NVIDIA Vera Rubin POD Platform
NVIDIA introduced the Vera Rubin POD, a comprehensive AI supercomputer platform purpose-built for agentic AI workloads. The system scales to 40 racks with 1.2 quadrillion transistors, nearly 20,000 NVIDIA dies, and 1,152 Rubin GPUs delivering 60 exaflops of compute power with 10 PB/s total scale-up bandwidth.

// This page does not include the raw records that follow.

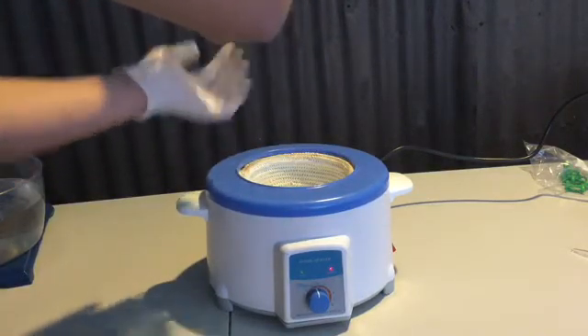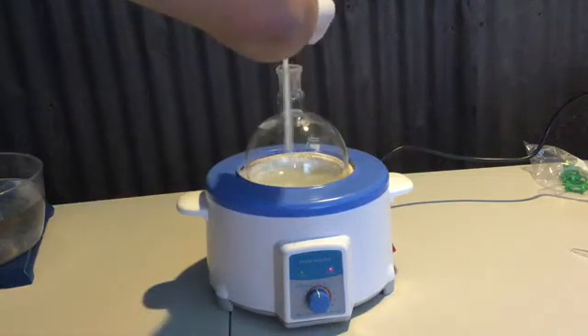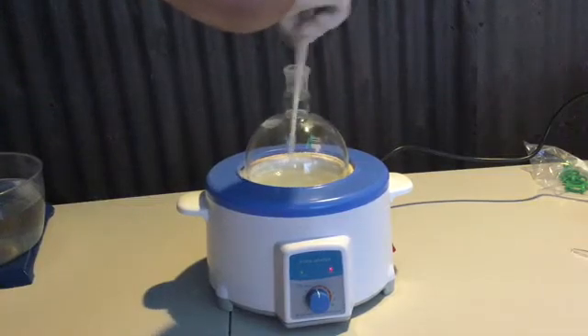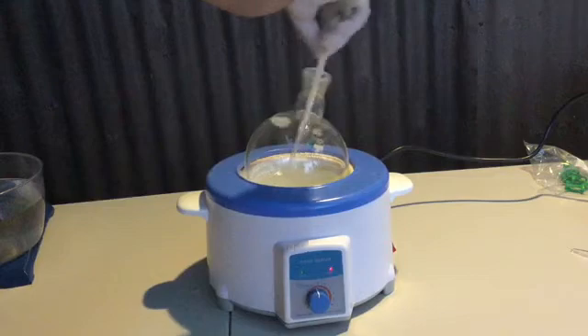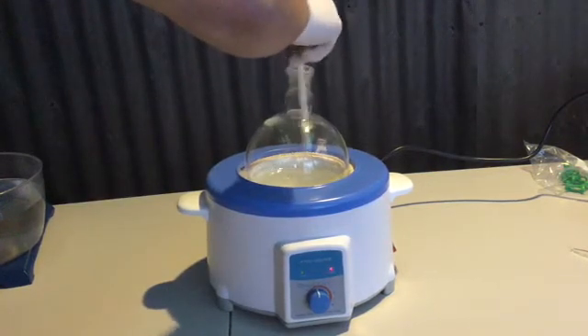I'm occasionally feeling the bottom of the flask to check the temperature — it was very hot. This is a boiling flask and it should be able to withstand the heat. However, I did not want the heat generated by the heating mantle and the dissolution of sodium hydroxide to become high enough that it would actually vaporize the water.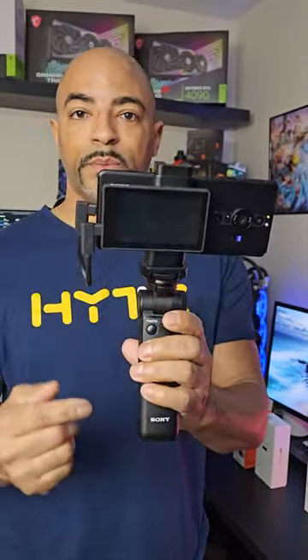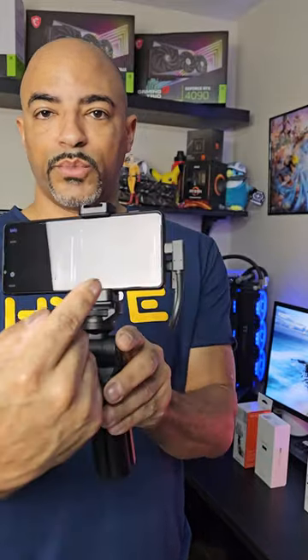Attach the Sony Xperia Pro-i with the cable to the monitor — straight up USB-C to USB-C. It prompts you right there, and now we're vlogging like a professional.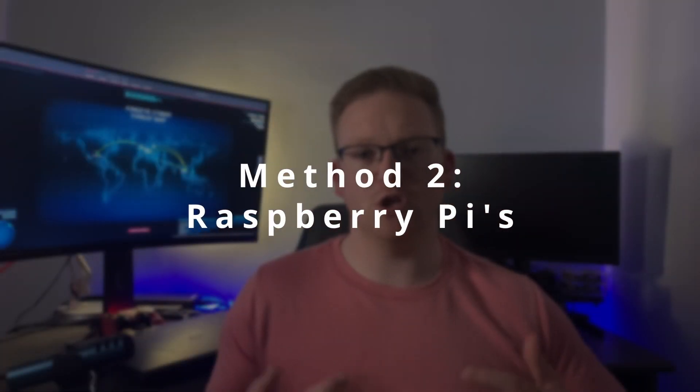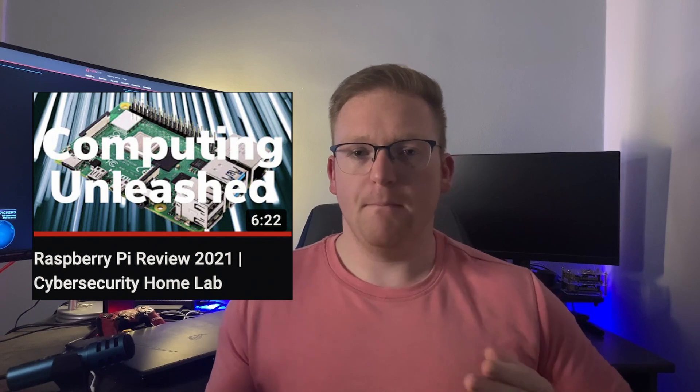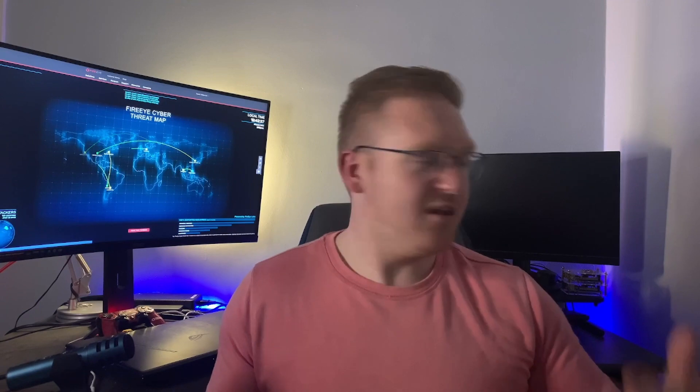Option number two, which is not nearly as expensive price-wise: you can use Raspberry Pis. We've actually talked all about Raspberry Pis on this channel — you can check out a full Raspberry Pi review. Your requirements here are literally just the Raspberry Pi and your input/output devices. Your Raspberry Pi doesn't have a screen, so you'll need a monitor — which is actually what this monitor here is for. So it's not as cheap as $45, but it's nowhere near as expensive as buying a brand new computer with RAM.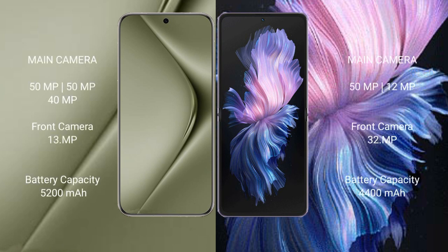The Huawei Pura 70 Ultra features a triple rear camera setup of 50MP plus 50MP plus 40MP, and a 13MP front camera. The Vivo X Flip features a dual rear camera setup of 50MP plus 12MP, and a 32MP front camera.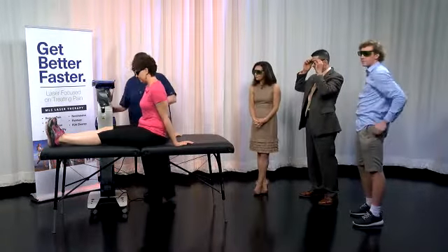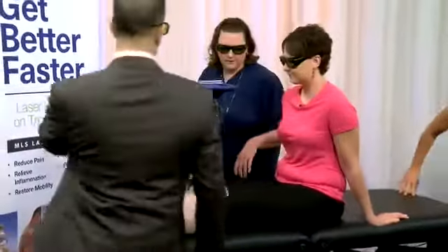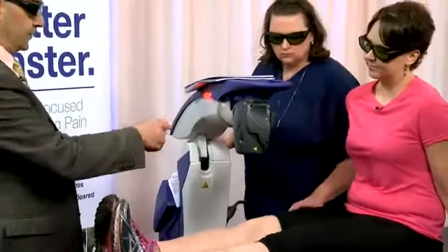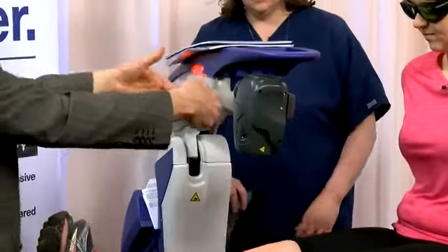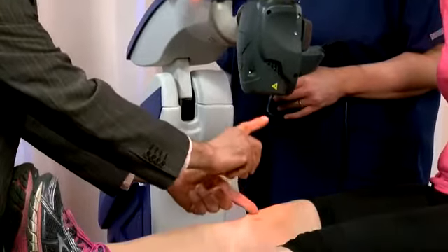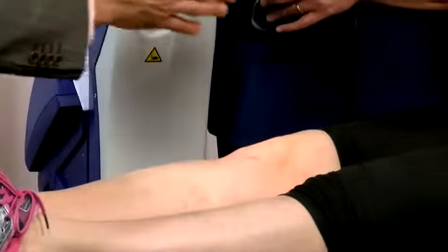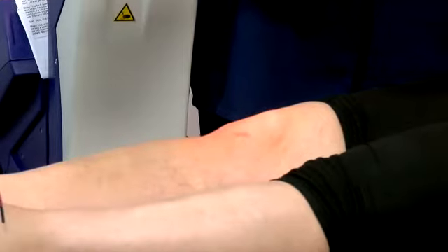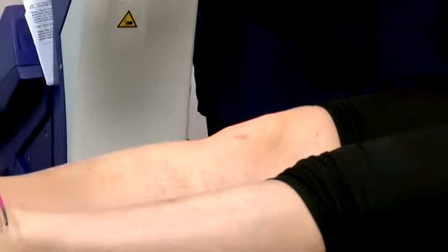This is a robotic ultra head right here. It actually has three laser diodes in a triangular array. Those three diodes each emit a laser beam, and that beam concentrates eight inches away — that's why this is held eight inches away. The nice thing is it doesn't have to touch a patient if they're in pain. There are certain settings for this. If a patient came in with a lot of pain, we might have it set at 2000 Hertz.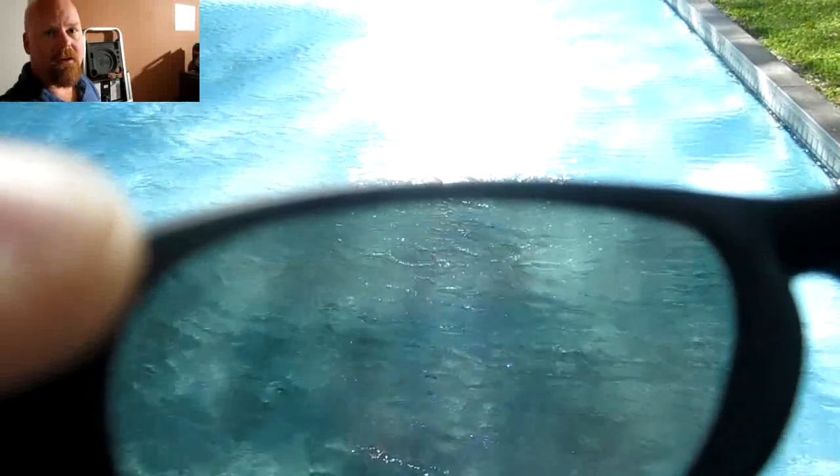It works out really well, especially for someone like me who has poor vision to begin with. Once you eliminate that glare, or at least cut it down some, it really helps.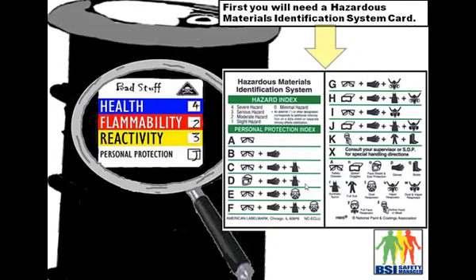First things first, what you need to get is one of those hazardous materials identification system cards. You can find them on the web. What I used to do is print off a bunch of copies, laminate them, and hand them out to workers so they're out on the floor in abundance. You can also purchase these, so check them out.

Five Specialized Rack-Scale Systems
The Vera Rubin POD integrates five purpose-built rack-scale systems:
- NVL72: Core compute engine with 72 Rubin GPUs and 36 Vera CPUs, optimized for the four AI scaling laws (pretraining, post-training, test-time scaling, agentic scaling). Delivers up to 4x better training performance and 10x better inference performance per watt compared to Blackwell.
- Groq 3 LPX: Enables low-latency inference with 256 LPUs per rack
- Vera CPU: Provides 256 CPUs per rack for large-scale reinforcement learning and sandboxed environments
- BlueField-4 STX: AI-native storage with CMX technology for KV cache management
- Spectrum-6 SPX: Silicon photonics-based networking for low-latency, resilient connectivity
Co-Design Across Seven Chip Types
The platform represents extreme co-design spanning seven chip types across compute, networking, and storage domains. All systems leverage the third-generation NVIDIA MGX rack architecture with two design variants: the MGX NVL rack connected via NVLink, and the new MGX ETL rack connected via Spectrum-X Ethernet or Groq 3 LPU direct chip-to-chip links.
Infrastructure Features for Agentic AI
Key innovations include modular cable-free design, dynamic power steering, rack-level energy storage, intelligent power smoothing, and 45°C liquid cooling. The open MGX standard and 80+ partner ecosystem accelerate deployment and support global supply chains for large-scale AI system deployments.